Task goal - Word for word, retype the lines from the one containing "Used 2024 Hyundai Elantra SEL FWD image 3" to the one containing "Used 2021 Chrysler" below, keeping both end lines and dropping the pictures.

Record excerpts -
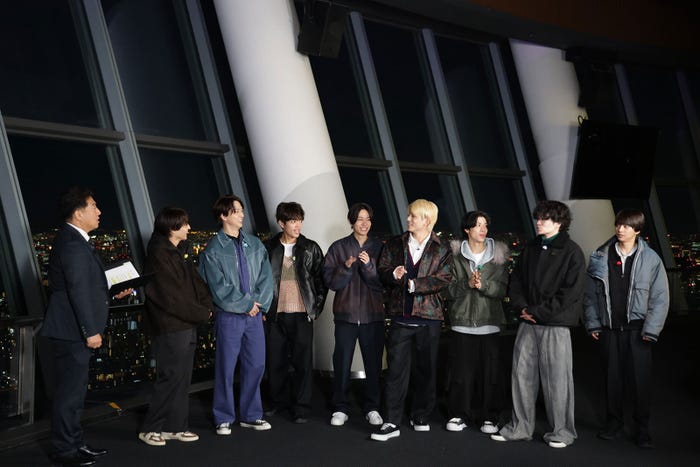 佐野瑞樹アナ、猪俣周杜、寺西拓人、原嘉孝、橋本将生、篠塚大輝、松島聡、木村拓哉、菊池風磨、佐藤勝利(C)フジテレビ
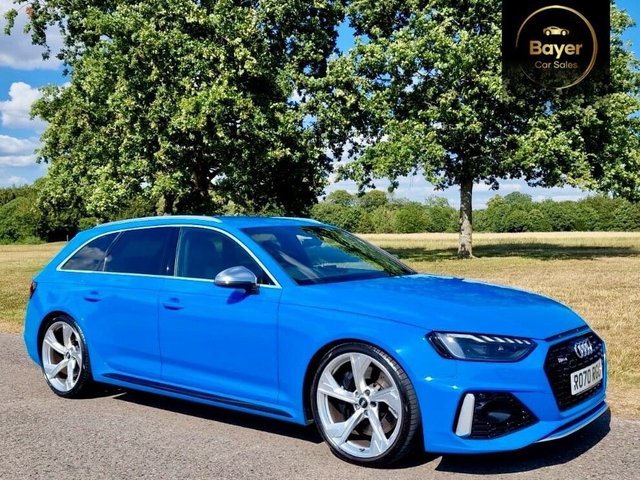 View our AUDI RS4 AVANT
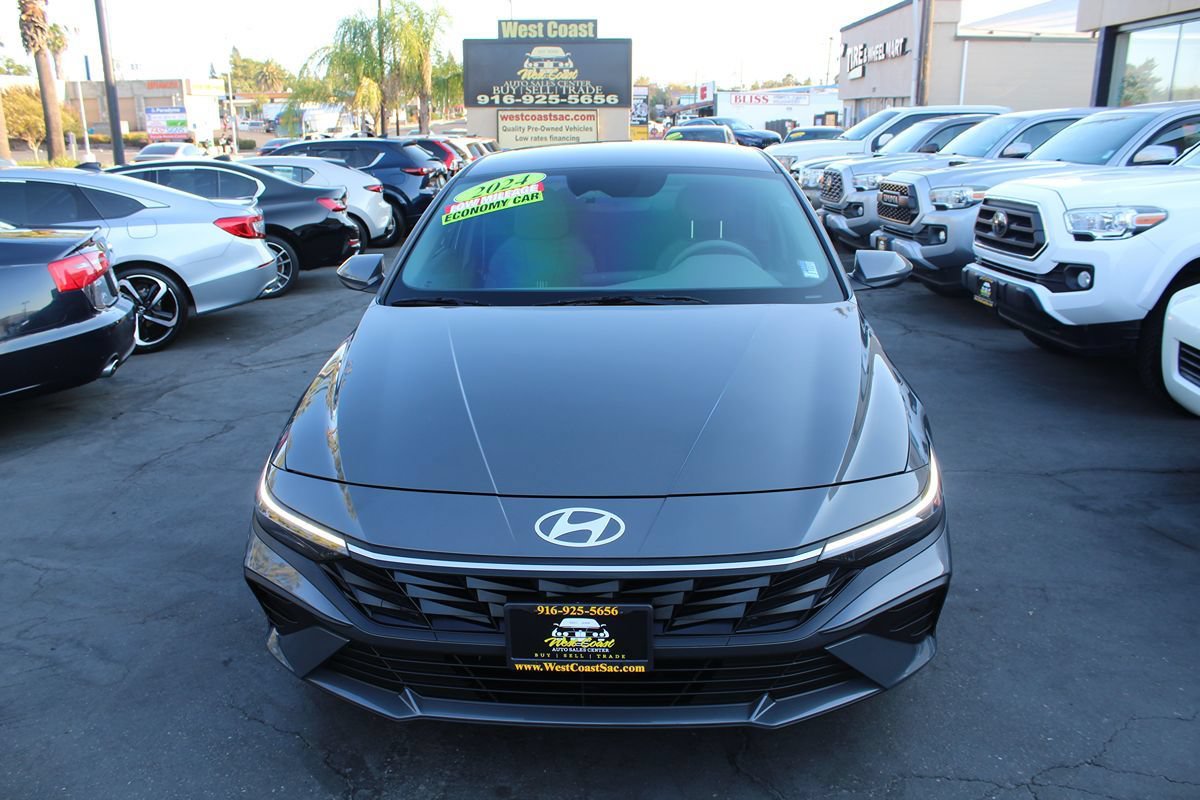 Used 2024 Hyundai Elantra SEL FWD image 3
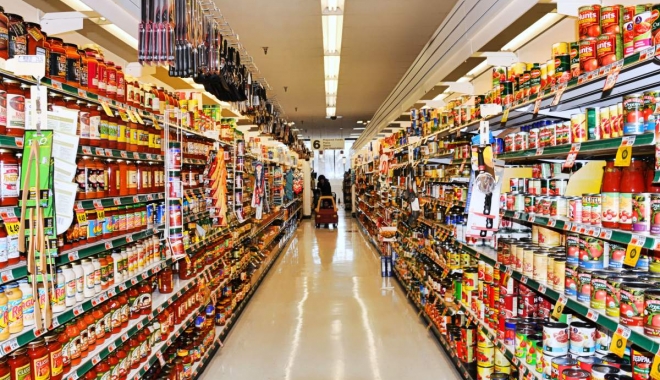 DSV. Controale și tone de alimente confiscate din magazine și supermarketuri - supermarket2-1485796391.jpg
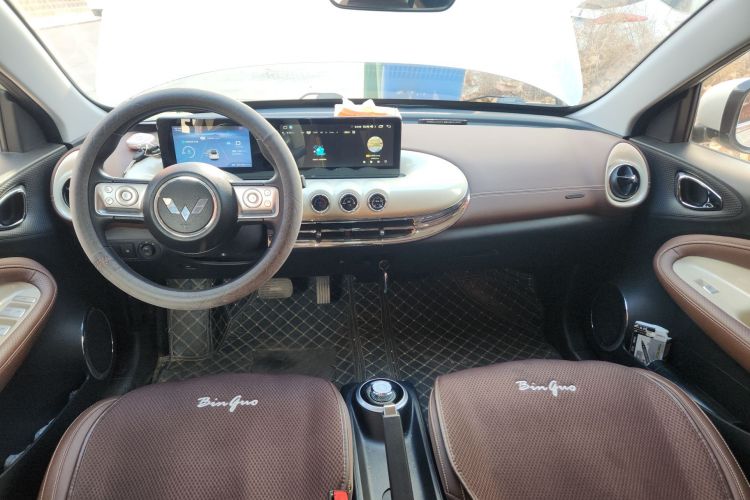 五菱汽车 五菱缤果 2023款 203km 舒享款中控内饰12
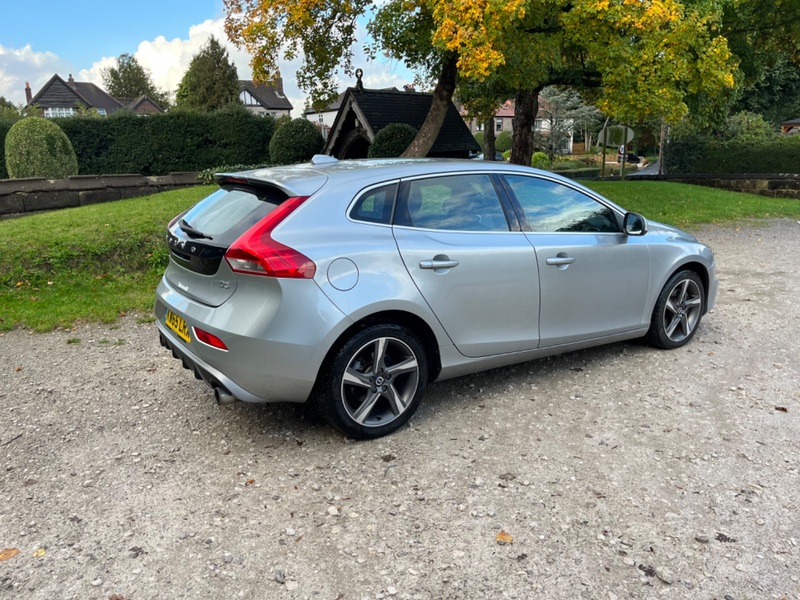 VOLVO V40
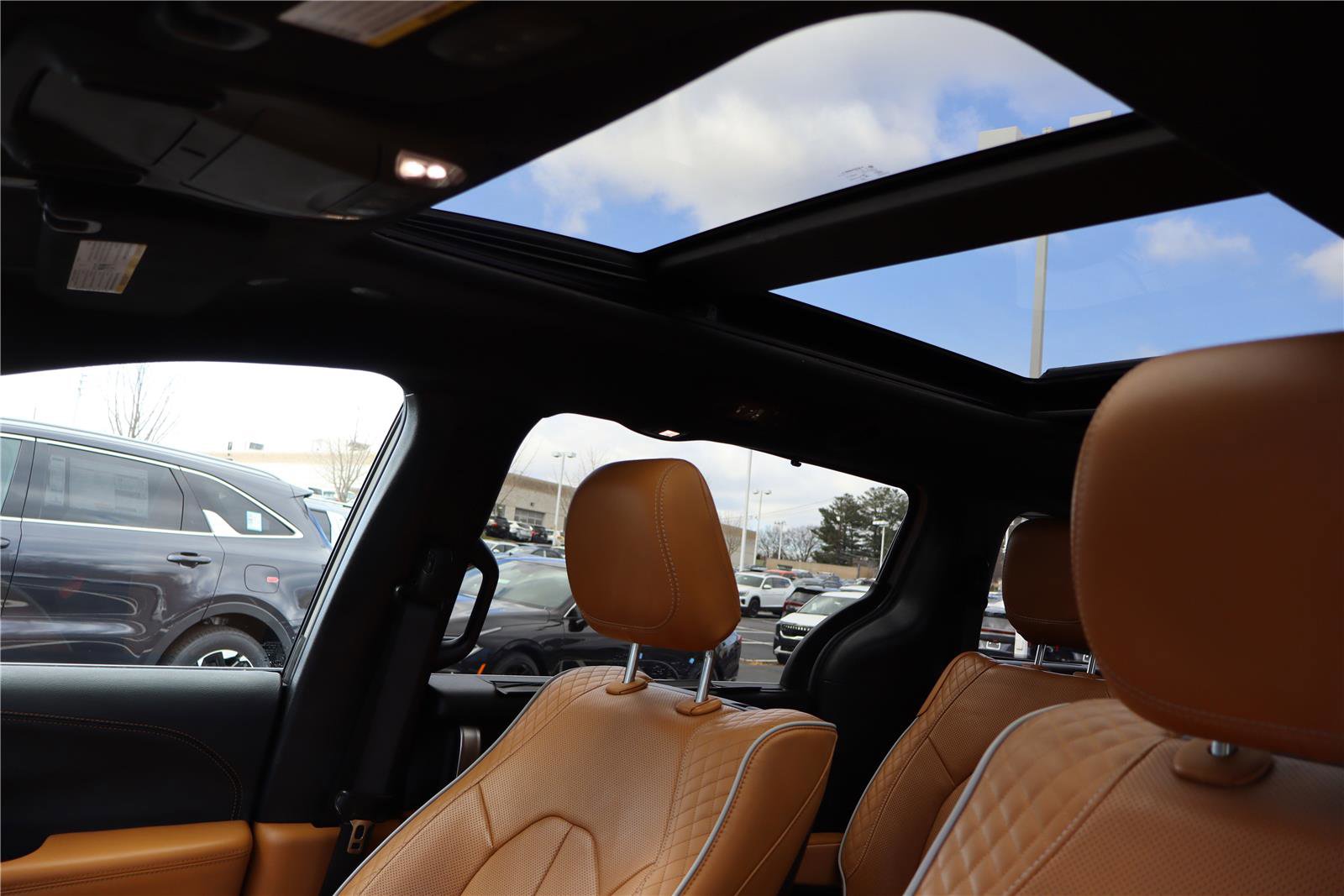 Used 2021 Chrysler Pacifica Pinnacle image 23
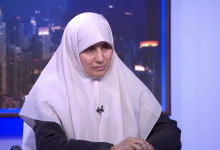 Photo of زوجة خليل الحية تروي قصة فقدها 4 أولاد و5 أحفاد بنيران الجيش الإسرائيلي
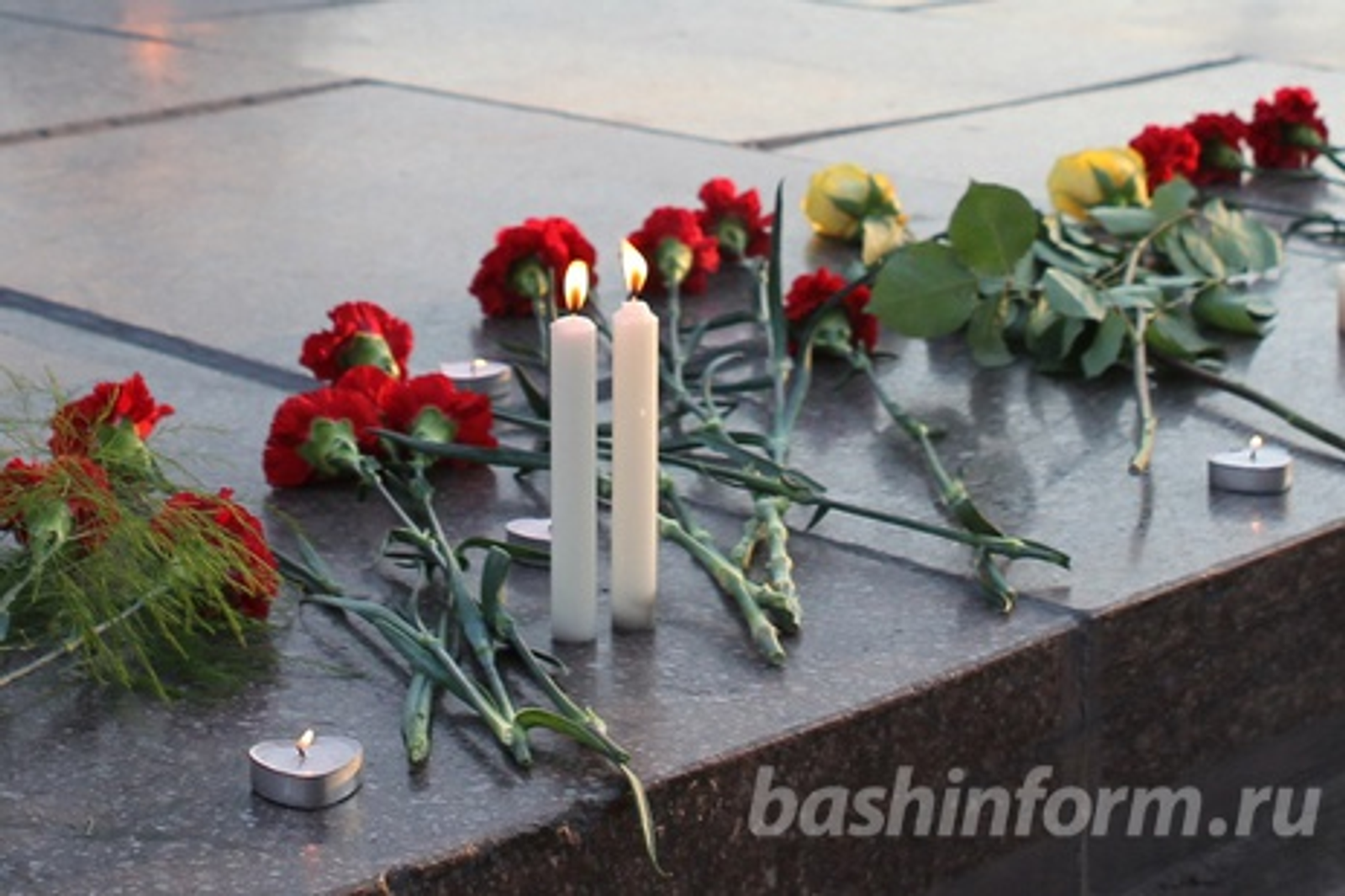 Олег Яровиков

Result of this task -
 Used 2024 Hyundai Elantra SEL FWD image 3
 DSV. Controale și tone de alimente confiscate din magazine și supermarketuri - supermarket2-1485796391.jpg
 五菱汽车 五菱缤果 2023款 203km 舒享款中控内饰12
 VOLVO V40
 Used 2021 Chrysler Pacifica Pinnacle image 23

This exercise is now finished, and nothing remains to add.